On occasion when the caller is highly concurrent (i.e. runs on many threads) the CircuitBreaker get's stuck in a HALF_CLOSED state. It's stuck in a HALF_CLOSED state because the isAttemptLive field is not atomic and is flipped in both the close, trip methods (when called from a successful or a unsuccessful invoke method) while at the same time (or out of order) the synchronized canAttempt also manipulates the isAttemptLive state.

It's possible for the close or trip methods to be called out of order to the synchronized canAttempt method. This can cause a situation where sate=HALF_CLOSED, isAttemptLive=true but the actual request has completed. Thus the isAttemptLive=true will never be flipped back as there is not attempt being made. The result is that the CB remains forever in a HALF_CLOSED state. I have verified existence of this situation of CircuitBreaker being in this state once in a debugging situation (jrugged-core version = 3.2.2).

joercampbell commented 8 years ago

Yeah - I think someone else was having a very similar problem with the codebase. What version are you using in your environment?

Also - can you pull the recent master and see if the recent changes made around this solve the problem you are describing? We made some minor changes as a result of someone elses commenting about a similar problem where the isAttemptLive was being manipulated incorrectly when it didn't need to be causing inconsistent behavior.

Joe

On Wed, Mar 30, 2016 at 10:51 AM Martin Petrovsky notifications@github.com wrote:

We have been using the library in production and found a few issues with the CircuitBreaker class implementation not being thread safe.

Looking at the source, I believe there are a number of concurrency issues with the class around the manipulation of state, isAttemptLive, isHardTrip, byPass fields. From my experience it looks like it's not thread safe, although hard to describe why. Here is an attempt to describe what we observed in a production scenario:

On occasion when the caller is highly concurrent (i.e. runs on many threads) the CircuitBreaker get's stuck in a HALF_CLOSED state. It's stuck in a HALF_CLOSED state because the isAttemptLive field is not atomic and is flipped in both the close, trip methods (when called from a successful or a unsuccessful invoke method) while at the same time (or out of order) the synchronized canAttempt also manipulates the isAttemptLive state.

It's possible for the close or trip methods to be called out of order to the synchronized canAttempt method. This can cause a situation where sate=HALF_CLOSED, isAttemptLive=true but the actual request has completed. Thus the isAttemptLive=true will never be flipped back as there is not attempt being made. The result is that the CB remains forever in a HALF_CLOSED state. I have verified existence of this situation of CircuitBreaker being in this state once in a debugging situation.

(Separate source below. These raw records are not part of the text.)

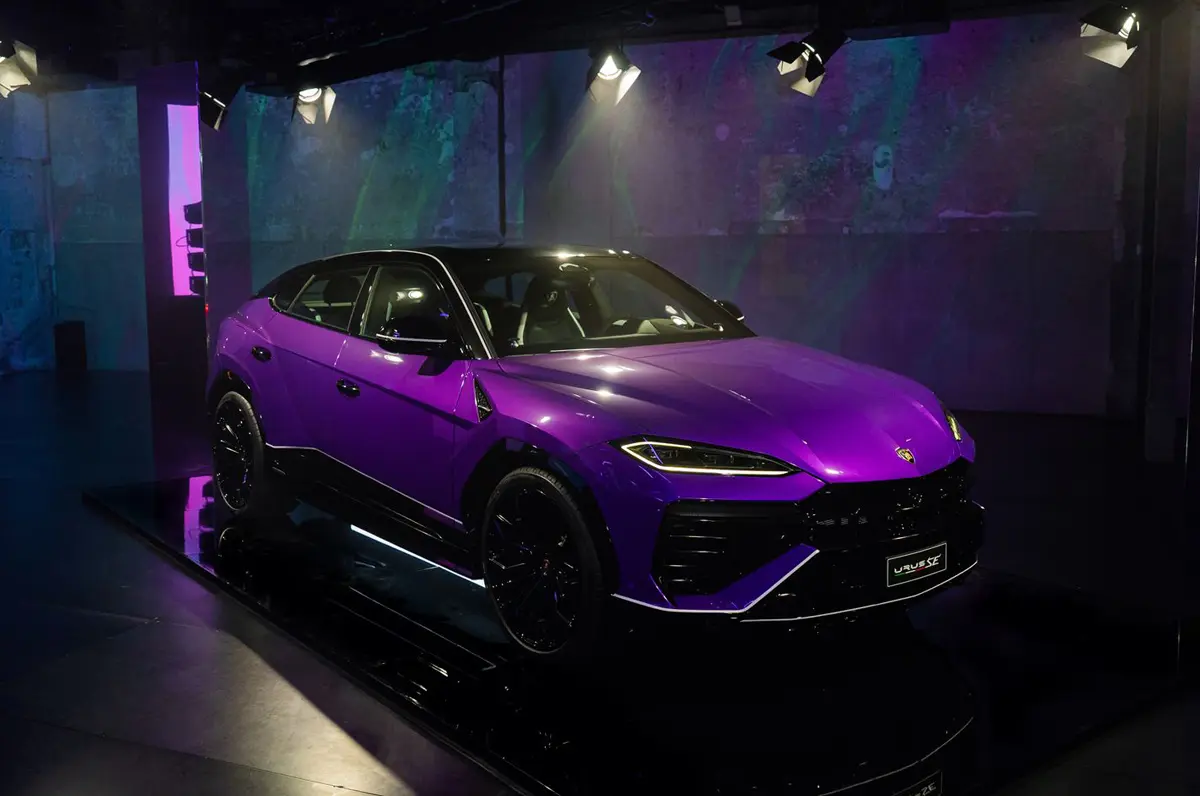 ランボルギーニがミラノデザインウィークにて展示したアドペルソナム仕様のウルスSE（パープル）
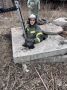 В Ужуре сотрудники МЧС спасли щенка, упавшего в 5-метровый колодец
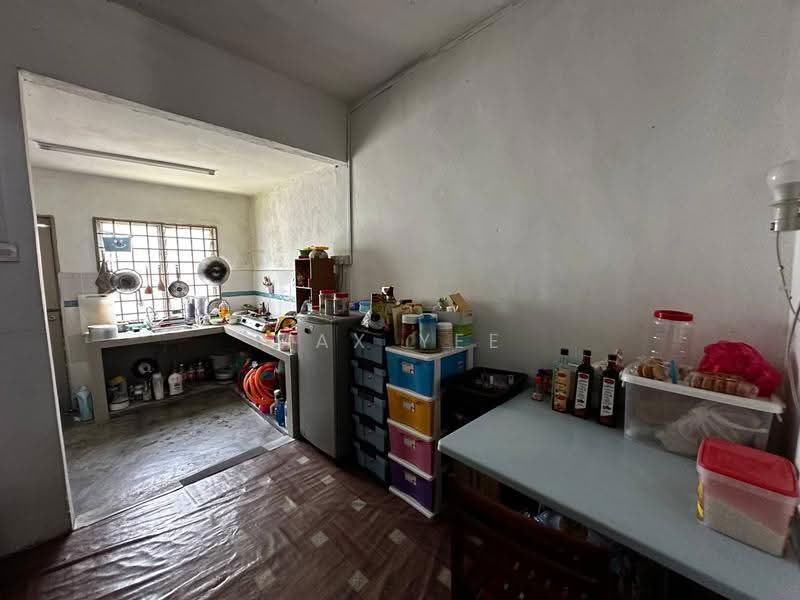 2-storey Terraced House for Sale in Kelapa Sawit (Kulai) - Max Yee - Kitchen - PropertyGuru.com.my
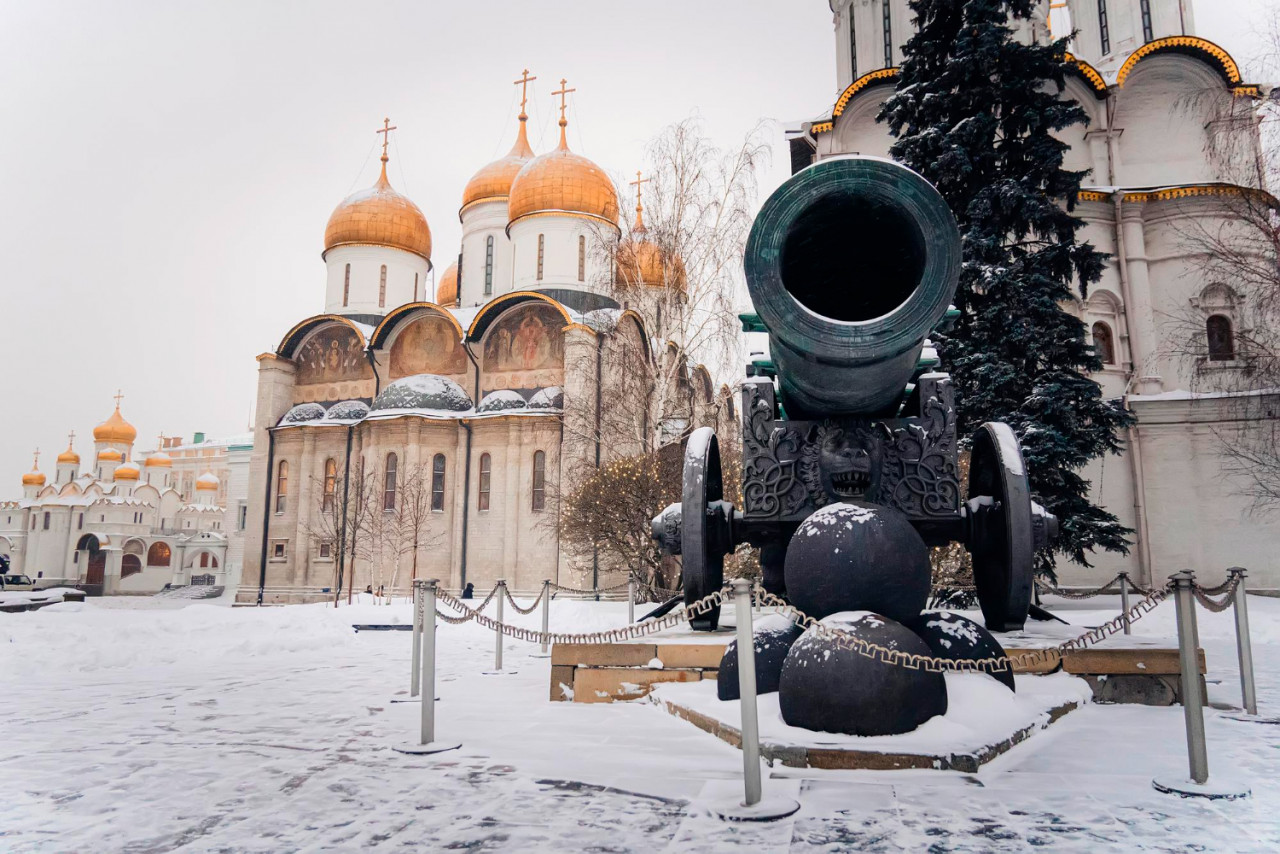 inside kremlin s wall tsar pushka with ivan great bell tower ivan great bell dormition cathedral background cathedral square moscow russia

— You are receiving this because you are subscribed to this thread. Reply to this email directly or view it on GitHub https://github.com/Comcast/jrugged/issues/45

bstaheri commented 7 years ago

It seems that the changes in class CircuitBreaker in revision #37 solve the problem. Do you have a plan to release a version? Because having this issue, the library cannot be used in production; every time isAttemptLive is incorrectly set to true, the software enters an incorrect final state and needs a restart, which is not acceptable in production environment.

joercampbell commented 5 years ago

Releasing a new version here shortly.